[Saved entries]
-*-*-

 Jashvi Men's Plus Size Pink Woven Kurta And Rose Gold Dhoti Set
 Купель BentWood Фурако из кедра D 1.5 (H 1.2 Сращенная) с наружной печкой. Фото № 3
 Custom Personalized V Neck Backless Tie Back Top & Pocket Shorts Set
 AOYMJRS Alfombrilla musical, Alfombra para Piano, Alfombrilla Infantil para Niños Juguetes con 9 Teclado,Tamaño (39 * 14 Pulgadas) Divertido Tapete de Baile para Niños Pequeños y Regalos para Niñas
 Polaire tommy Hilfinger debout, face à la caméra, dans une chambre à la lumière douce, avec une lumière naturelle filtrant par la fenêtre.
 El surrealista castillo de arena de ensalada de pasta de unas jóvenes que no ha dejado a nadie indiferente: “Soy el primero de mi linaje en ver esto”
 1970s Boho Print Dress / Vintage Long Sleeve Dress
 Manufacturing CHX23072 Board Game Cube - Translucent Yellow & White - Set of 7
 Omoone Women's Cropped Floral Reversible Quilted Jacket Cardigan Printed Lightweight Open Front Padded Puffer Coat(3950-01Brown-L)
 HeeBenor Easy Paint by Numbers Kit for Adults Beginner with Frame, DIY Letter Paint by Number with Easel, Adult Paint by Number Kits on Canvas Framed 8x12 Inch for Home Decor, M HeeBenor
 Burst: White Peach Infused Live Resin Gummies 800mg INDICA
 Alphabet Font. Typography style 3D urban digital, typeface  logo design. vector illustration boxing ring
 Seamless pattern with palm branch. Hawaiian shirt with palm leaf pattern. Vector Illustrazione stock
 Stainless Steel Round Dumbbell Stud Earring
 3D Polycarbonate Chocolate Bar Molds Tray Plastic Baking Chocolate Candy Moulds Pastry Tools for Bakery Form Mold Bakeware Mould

-*-*-

- EXERCISE BRIEF: How many of the lines above include the string "White"? Answer with the number only.

- RESULT OF THIS EXERCISE: 2